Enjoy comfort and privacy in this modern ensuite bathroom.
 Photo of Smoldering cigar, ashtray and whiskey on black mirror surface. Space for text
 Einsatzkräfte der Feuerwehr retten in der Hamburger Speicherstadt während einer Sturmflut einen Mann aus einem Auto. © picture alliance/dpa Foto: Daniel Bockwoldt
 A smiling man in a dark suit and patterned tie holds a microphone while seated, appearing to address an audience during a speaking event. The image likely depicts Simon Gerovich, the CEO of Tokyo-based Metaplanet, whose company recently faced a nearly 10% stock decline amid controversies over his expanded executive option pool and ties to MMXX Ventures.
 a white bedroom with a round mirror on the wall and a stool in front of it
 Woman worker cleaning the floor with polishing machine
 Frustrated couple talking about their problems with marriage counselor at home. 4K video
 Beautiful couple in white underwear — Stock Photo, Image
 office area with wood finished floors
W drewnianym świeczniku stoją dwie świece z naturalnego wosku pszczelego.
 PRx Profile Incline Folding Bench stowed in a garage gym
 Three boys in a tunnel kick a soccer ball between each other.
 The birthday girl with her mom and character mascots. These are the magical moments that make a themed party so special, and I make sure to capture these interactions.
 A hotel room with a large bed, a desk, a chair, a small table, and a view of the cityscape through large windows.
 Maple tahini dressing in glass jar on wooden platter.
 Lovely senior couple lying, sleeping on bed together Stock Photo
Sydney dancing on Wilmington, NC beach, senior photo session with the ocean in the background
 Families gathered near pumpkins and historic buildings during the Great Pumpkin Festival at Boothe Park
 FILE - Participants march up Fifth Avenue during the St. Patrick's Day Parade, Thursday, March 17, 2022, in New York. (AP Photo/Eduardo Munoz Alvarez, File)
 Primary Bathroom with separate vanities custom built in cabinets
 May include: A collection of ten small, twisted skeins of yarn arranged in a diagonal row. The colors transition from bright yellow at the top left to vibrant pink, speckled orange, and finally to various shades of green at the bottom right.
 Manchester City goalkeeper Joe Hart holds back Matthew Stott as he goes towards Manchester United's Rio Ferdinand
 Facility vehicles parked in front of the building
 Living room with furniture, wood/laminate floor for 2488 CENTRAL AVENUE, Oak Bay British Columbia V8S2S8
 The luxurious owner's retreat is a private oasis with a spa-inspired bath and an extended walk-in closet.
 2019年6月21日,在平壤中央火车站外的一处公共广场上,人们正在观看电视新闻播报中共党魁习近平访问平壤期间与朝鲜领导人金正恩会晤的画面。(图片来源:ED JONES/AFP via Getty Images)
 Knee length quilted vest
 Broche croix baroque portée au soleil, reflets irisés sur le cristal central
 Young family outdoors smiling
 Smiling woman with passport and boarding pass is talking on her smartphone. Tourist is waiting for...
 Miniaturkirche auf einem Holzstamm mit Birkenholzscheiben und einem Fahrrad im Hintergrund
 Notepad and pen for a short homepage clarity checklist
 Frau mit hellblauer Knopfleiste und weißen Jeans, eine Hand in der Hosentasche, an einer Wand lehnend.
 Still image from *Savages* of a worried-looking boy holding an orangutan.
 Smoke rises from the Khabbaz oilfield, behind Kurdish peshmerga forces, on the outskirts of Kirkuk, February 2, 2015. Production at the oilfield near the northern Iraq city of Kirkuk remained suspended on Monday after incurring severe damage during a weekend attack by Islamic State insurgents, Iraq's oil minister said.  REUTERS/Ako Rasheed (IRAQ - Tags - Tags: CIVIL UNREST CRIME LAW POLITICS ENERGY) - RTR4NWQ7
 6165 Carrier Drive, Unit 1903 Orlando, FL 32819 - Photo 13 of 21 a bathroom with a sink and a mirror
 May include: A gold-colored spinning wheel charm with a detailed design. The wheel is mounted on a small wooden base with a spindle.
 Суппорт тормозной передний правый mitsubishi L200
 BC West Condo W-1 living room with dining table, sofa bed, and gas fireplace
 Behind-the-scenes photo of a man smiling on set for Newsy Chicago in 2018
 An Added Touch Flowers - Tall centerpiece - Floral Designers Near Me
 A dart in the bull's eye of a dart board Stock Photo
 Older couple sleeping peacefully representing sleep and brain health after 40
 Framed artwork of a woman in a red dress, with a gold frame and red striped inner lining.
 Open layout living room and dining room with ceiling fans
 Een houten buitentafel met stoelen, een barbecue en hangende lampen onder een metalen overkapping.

-- -- --

- [Your assignment] This exercise requires the lines of the entries containing the string "table".

- [Solution below]
 A hotel room with a large bed, a desk, a chair, a small table, and a view of the cityscape through large windows.
 BC West Condo W-1 living room with dining table, sofa bed, and gas fireplace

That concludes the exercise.